In fact the details about universal character names in C9x are
somewhat subtle. It is NOT the case that EVERY ucn is allowed at all,
still less that every ucn is allowed in an identifier. Annex H of the
draft standard lists as ranges exactly which UCNs are allowed in an
identifier. It would have been pleasant had C9x followed the rules in
section 5.14 "Identifiers" of the Unicode 2.0 book; the C9x people
were aware of those rules and Annex H is to some extent an
approximation of them.


Frankly, I _wouldn't_ describe C9x/C++/Java identifiers using a
regular expression. Remember, there are EIGHT "translation phases" in
C9x:


1. Map source multibyte characters to the source character set.
        This includes converting end of record to newline, and it
        SPECIFICALLY INCLUDES CONVERTING non-basic characters to
        UCNs. So you are allowed to have an <e-acute> character
        in your source code, and it may even be represented in the
        source file by a single 16#E9# byte, but subsequent phases
        of translation will 'see' \u00E9 or possibly even
        \u0065\u0301 <e,floating acute> instead.

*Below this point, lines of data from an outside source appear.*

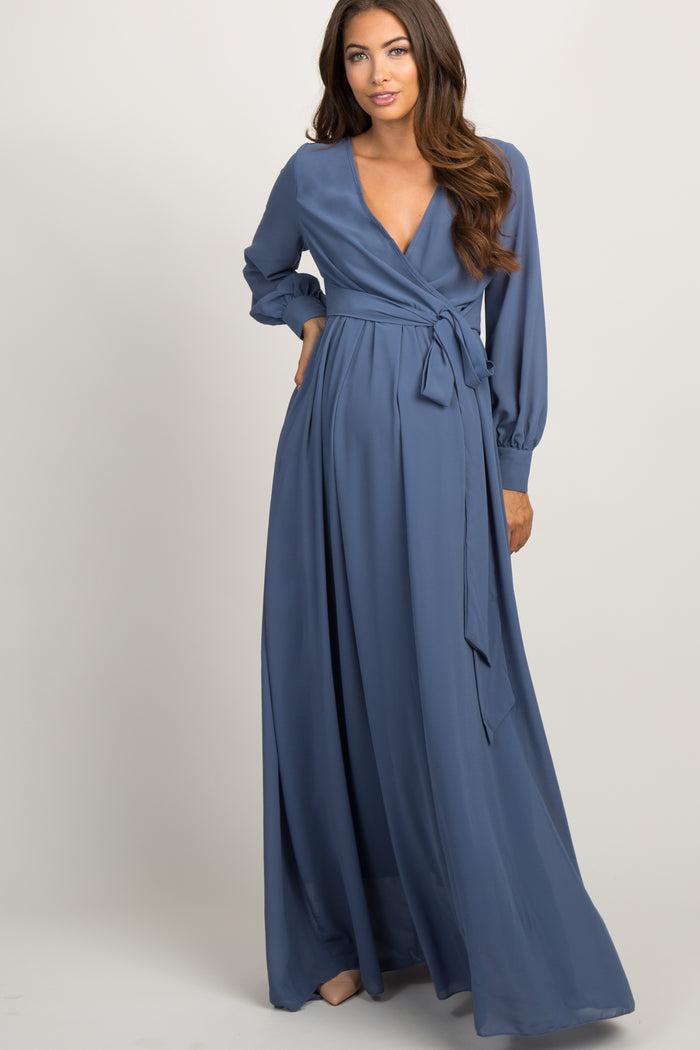 woman wearing a long sleeve blue maternity maxi dress with a wrap front and waist tie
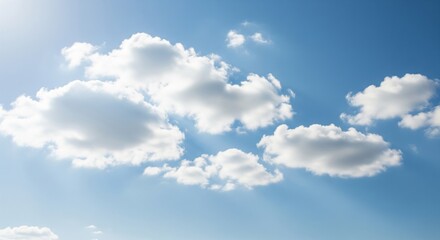 A bright sky with soft white clouds scattered across a blue background. The clouds are fluffy and partially cover the sky, creating a calm and natural atmosphere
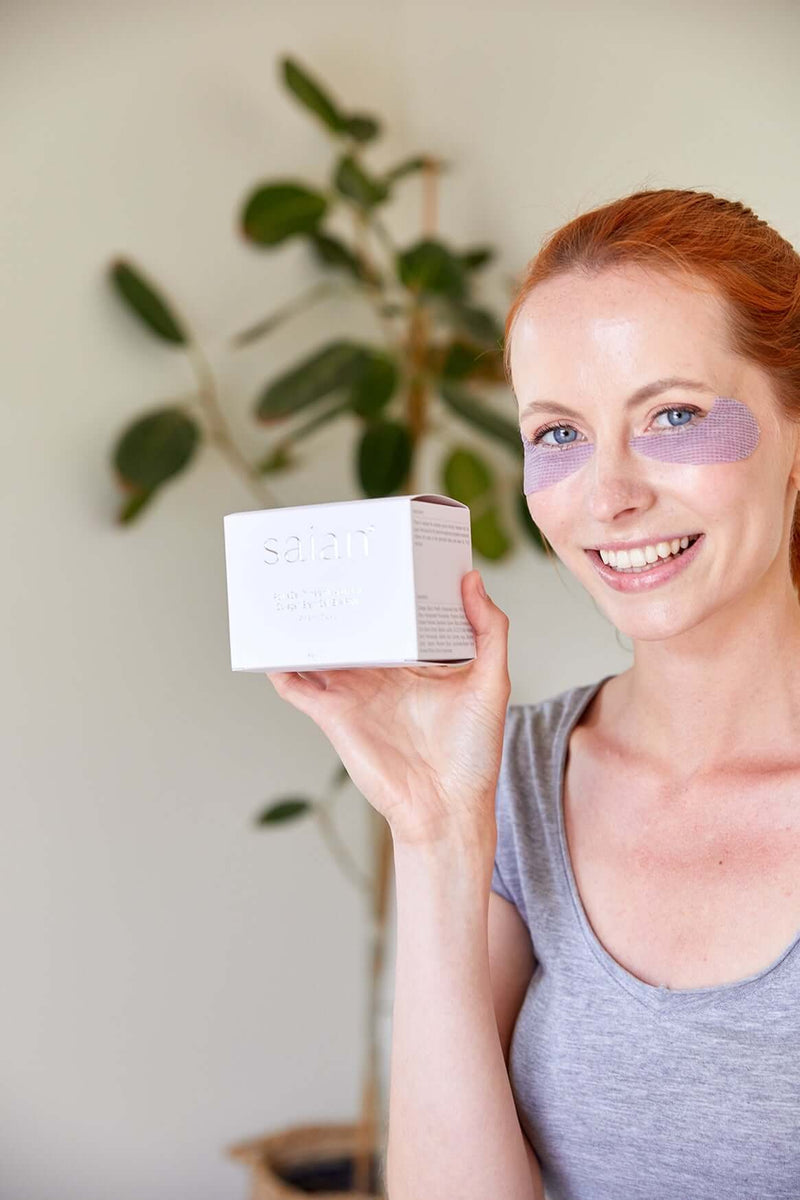 Saian ActiveCell Collagen Stem Cell Eye Pads model holds box while wearing purple under-eye patches for spa care.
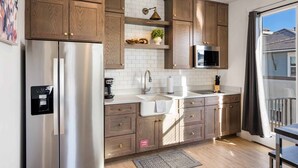 A modern kitchen with wooden cabinets, stainless steel appliances, and a large window with a view.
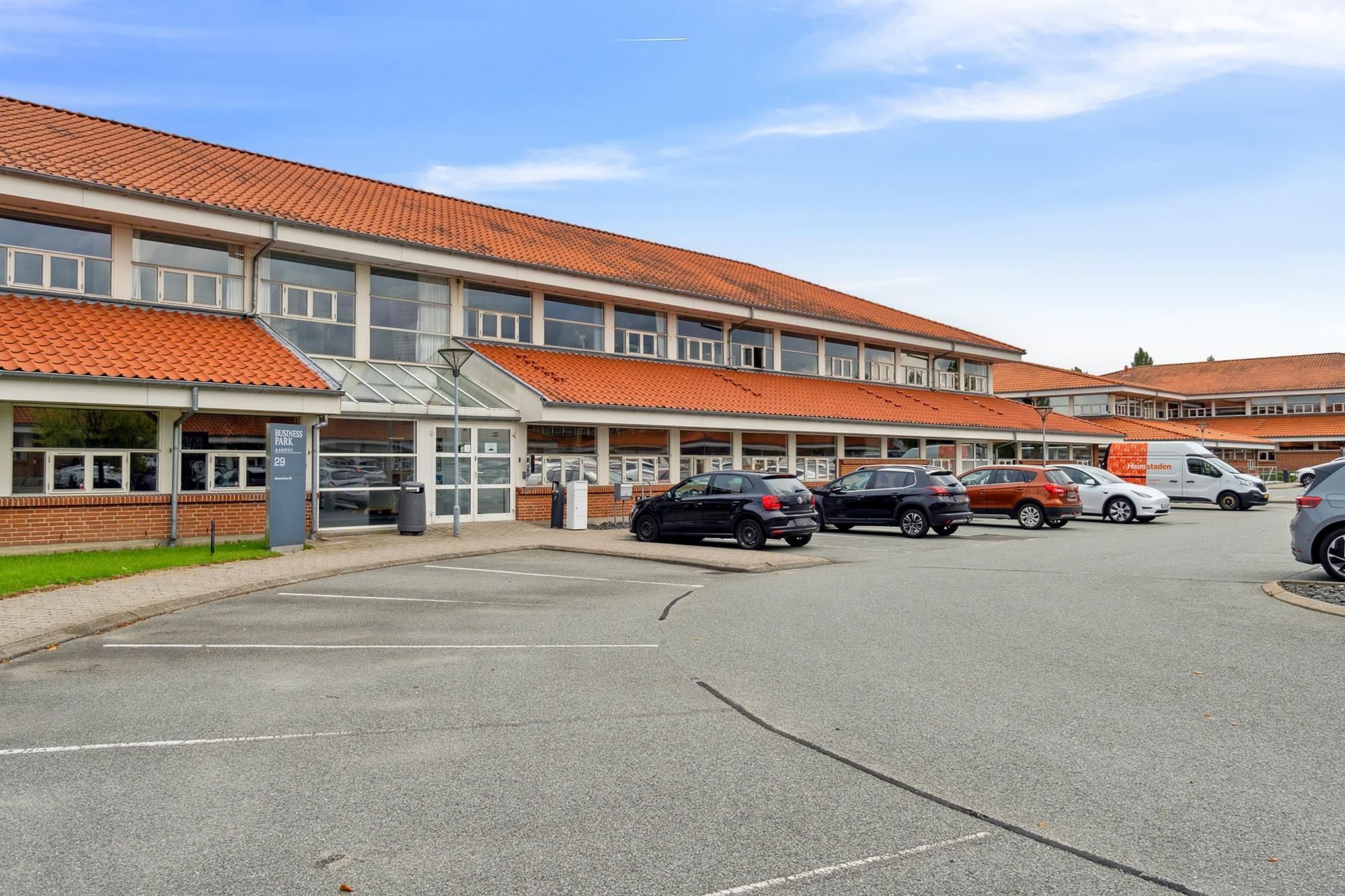 Moderne erhvervspark med røde tag og glasvinduer -Parkeringsplads med flere biler -Forretningscenter med mange kontorer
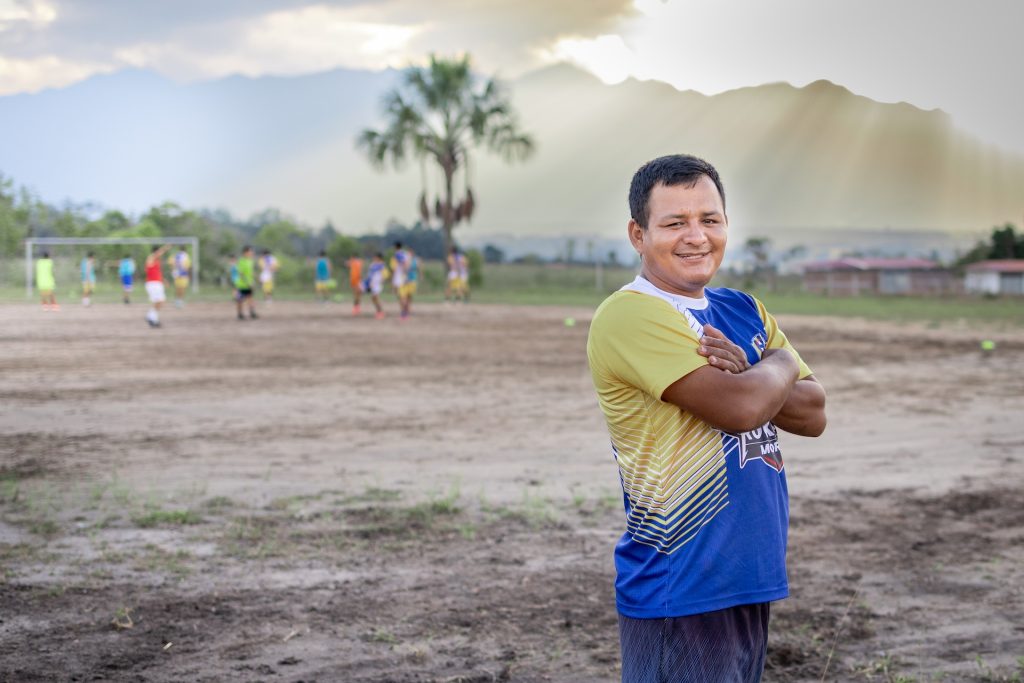 Portrait of Jose, soccer coach and centre staff, standing in the soccer field. He is wearing a blue, yellow and white top. His arms are crossed at his chest. He is smiling.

        The main consequence of this for your regular expression is
        that if you want to recognise identifiers in SOURCE files,
        you need to handle the full range of local multibyte codes
        AS WELL AS universal character names. If your regular
        expression processor is 8-bit-clean, you might be able to
        get away with
letter = [a-zA-Z_] | [\0x80-\0xFF]+ | \u[0-9a-fA-Z]{4} | ...
        ident = letter (letter | digit)*


1a. After this, trigraphs are replaced. (Yes, that means C9x
        really has nine phases, not 8.)


2. \<newline> is spliced out.


3. the input is tokenized as a sequence of pp-tokens and white space


4. preprocessing is done, directives, macros, &c.
        THIS PHASE MAY GENERATE NEW IDENTIIFERS, so foo(x)(y) may
        actually _be_ an identifier even though it doesn't _look_
        like one. (No, you can't generate new UCNs here.)

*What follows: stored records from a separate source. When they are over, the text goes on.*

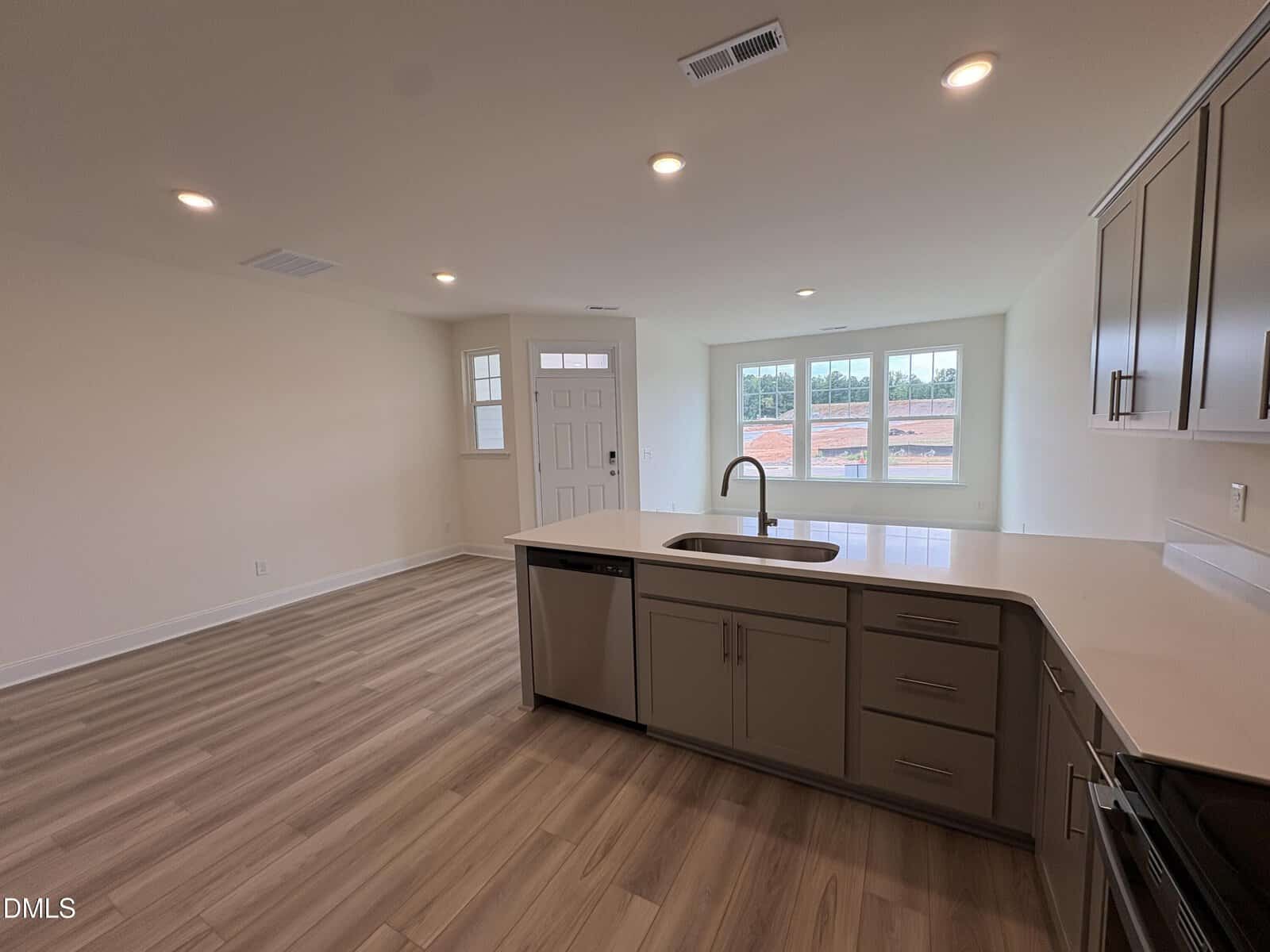 Bright modern kitchen with light wood floors, beige cabinets, white countertops, built-in sink and dishwasher, open to a living area with large windows and a front door. Recessed ceiling lights.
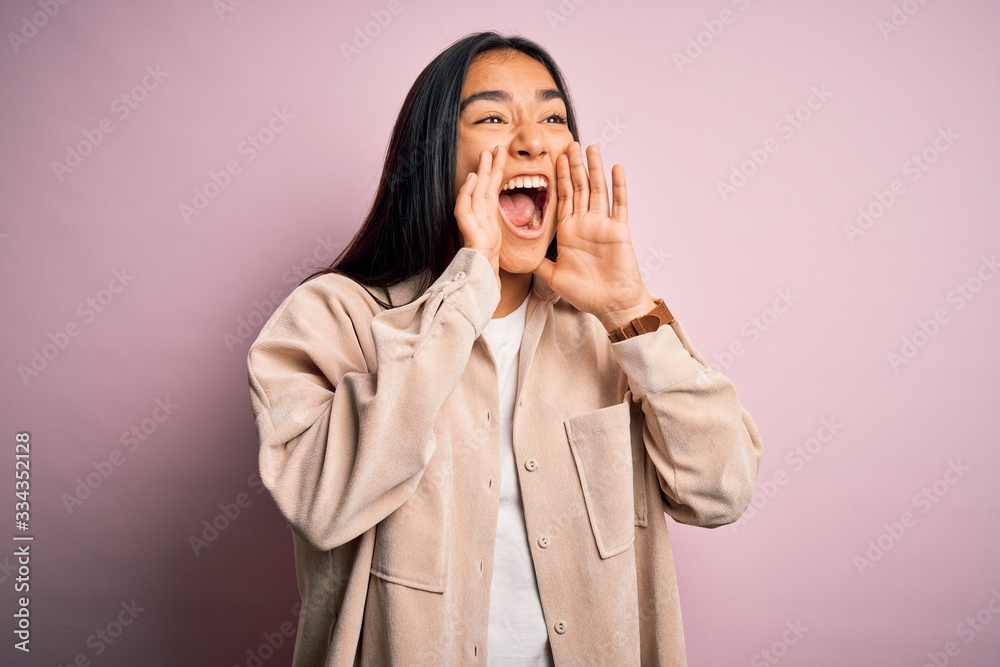 Young beautiful asian woman wearing casual shirt standing over pink background Shouting angry out loud with hands over mouth Young beautiful asian woman wearing casual shirt standing over pink background Shouting angry out loud with hands over mouth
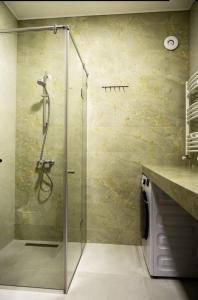 y baño con ducha y puerta de cristal. en Villa Ipanema, en Telavi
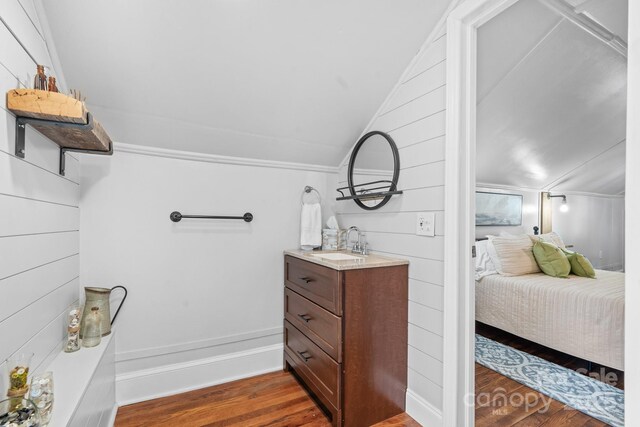 ensuite bathroom with vaulted ceiling, ensuite bath, wood finished floors, and vanity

5. Characters are now converted from the source character set
        to the execution character set.


6. Strings are pasted (narrow strings with narrow strings, wide
        strings with wide strings). The effect of "x" L"y" and
        L"x" "y" is not defined, which is a pity, because that was
        a very nasty problem that they should have fixed.


7. Now pp-tokens are converted to tokens, and of course some
        pp-tokens that look like identifiers are actually keywords.
        White space including comments is finally discarded.


7a. The program is parsed. (Yes, that means there are really
        ten phases, not 8.)


8. External references are resolved and everything is put into an
        "image" suitable for execution in the target environment.


What this means is that if you want a tool to do something useful with
identifiers in C source files, you would have to be very very silly
not to do it by taking a freely available preprocessor (such as the
GNU one) and bolting your tool on the end.


At least with Java there's none of the preprocessor nonsense to worry
about, so you _could_ write a regular expression to recognise
identifiers in Java source, but C9x and C++ use the preprocessor to
put this beyond the reach of the average programmer.


/??/
*no identifiers in here*??/
/


If your tool thinks there are four identiifers there,
it's broken!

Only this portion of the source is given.